Va una anécdota. Acá en Los Ángeles tengo un grupo de amigos mexicanos que no tienen absolutamente nada que ver con el periodismo. Ésa es su primera virtud. La segunda es doble: su sencillez y honestidad. Hace unos días, en una breve reunión, les pregunté qué pensaban de que, de acuerdo con las últimas cifras de la demografía californiana, los hispanos somos mayoría en el estado por primera vez desde 1850. Varios no conocían la noticia, otros la habían oído por televisión. Pero en algo coincidían todos: nadie se dijo sorprendido. “León”, me dijo uno, “si esto siempre ha sido nuestro. Ya lo reconquistamos hace rato”.
El buen humor de mi amigo no es casualidad. En muchos sentidos, los sonidos, sabores y sensaciones de California son los de México. Es prácticamente imposible ir a cualquier lugar sin escuchar, de pronto, la melodía del idioma español. Las calles de las ciudades californianas están salpicadas de letreros en nuestra lengua. En el centro de Los Ángeles hay “callejones” de ropa con puestos de comida y el incesar sonsonete de los vendedores mexicanos. Si algún día tiene el lector la posibilidad de darse una vuelta por acá lo invito a pasearse por el propio centro o por el sur de la ciudad o casi por cualquier sitio. Cierre los ojos. Toda proporción guardada, se sentirá en México.
Y esto apenas empieza. De acuerdo con proyecciones de Pepe Merino en un estudio publicado en Univisión a raíz del anuncio de la mayoría hispana en California, para el 2060 (dentro de solo cincuenta años) el número de condados californianos donde los hispanos representarán más del 50% de la población habrá crecido casi exponencialmente.
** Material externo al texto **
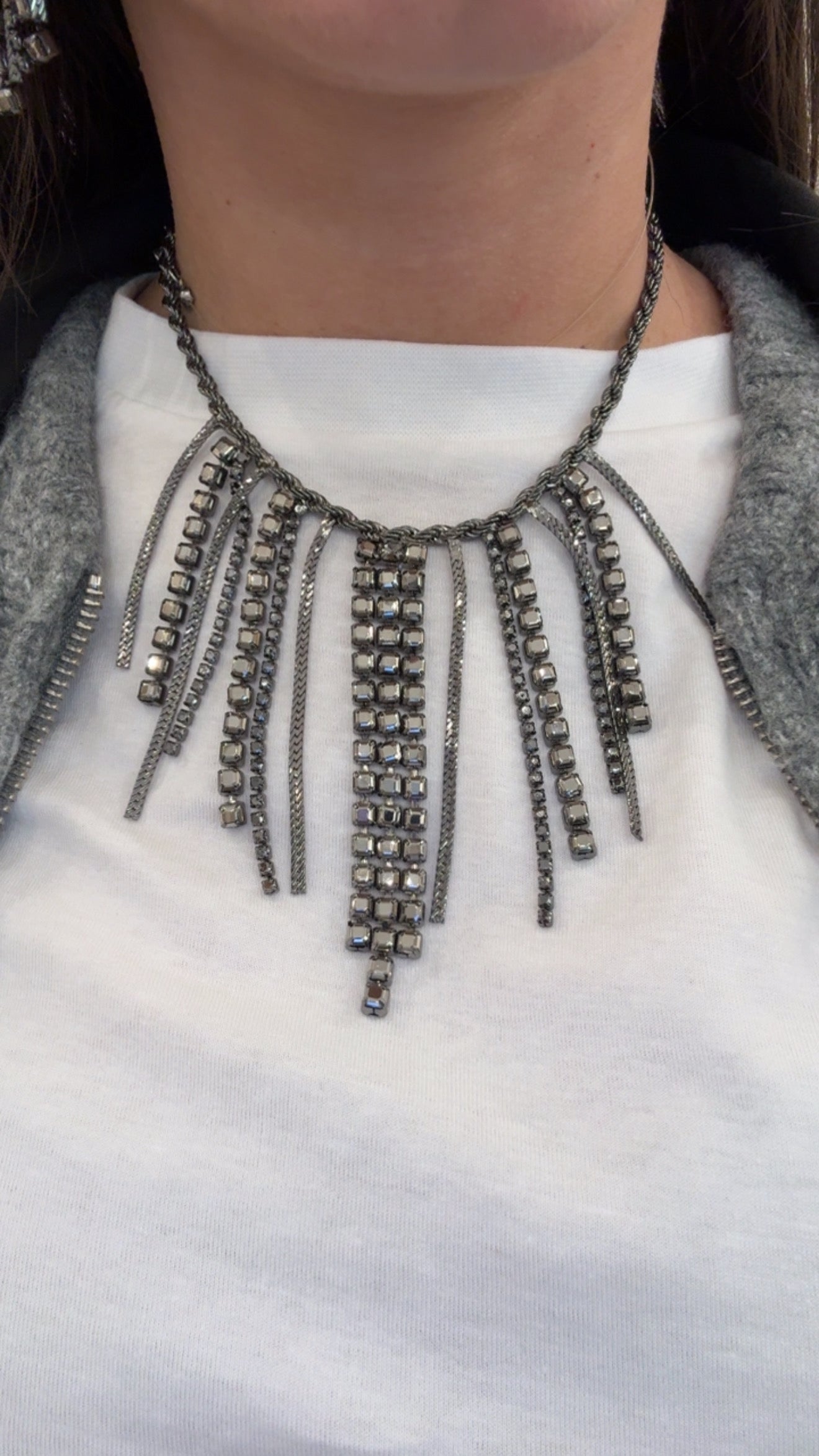 Collana Key con frange di Nali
Así que no hay vuelta de hoja: éste es un parteaguas demográfico muy significativo.
Pero también hay que decir que la relevancia de un grupo social no se mide sólo en números.
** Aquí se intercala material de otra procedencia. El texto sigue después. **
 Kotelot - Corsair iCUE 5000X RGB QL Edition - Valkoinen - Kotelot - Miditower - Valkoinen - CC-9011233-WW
Como bien apuntan Pepe Merino y su equipo en su estudio de la nueva mayoría hispana en California, a pesar de que los hispanos ya se acercan al 40% de la población total del estado, solo el 11% de los alcaldes son latinos. Merino también hace una lista de los políticos de origen hispano que han tenido alguna relevancia en el escenario nacional. Los nombres son los de los sospechosos comunes: Rosario Marín, Gloria Molina, Antonio Villaraigosa y un breve etcétera. En suma, hay una desproporción entre la creciente y apabullante relevancia demográfica de los hispanos y el número de figuras políticas de auténtica influencia que ha producido la comunidad. Esa dinámica debe dar pausa a la euforia latina en California y a las proyecciones de “hispanización” en el resto del país.
Lo cierto es que el innegable beneficio que traerá consigo la demografía (tarde o temprano, los números serán la panacea para curar la terquedad republicana en Washington) importará poco -o menos de lo que podría pesar- si los hispanos no se las ingenian para producir un mayor número de líderes políticos al menos a escala local. Los hispanos no sólo deben ganar posiciones en el censo, tendrán que hacerlo también en las alcaldías y los congresos estatales. Eventualmente, claro, deberán conquistar sitios en Washington. El primer paso es traducir las cifras demográficas en votantes registrados y activos. La disparidad entre el número de hispanos y el número de hispanos empadronados es asombrosa y, a la larga, nociva. Sonará drástico, pero es verdad: en una democracia, no es lo mismo nacer que votar.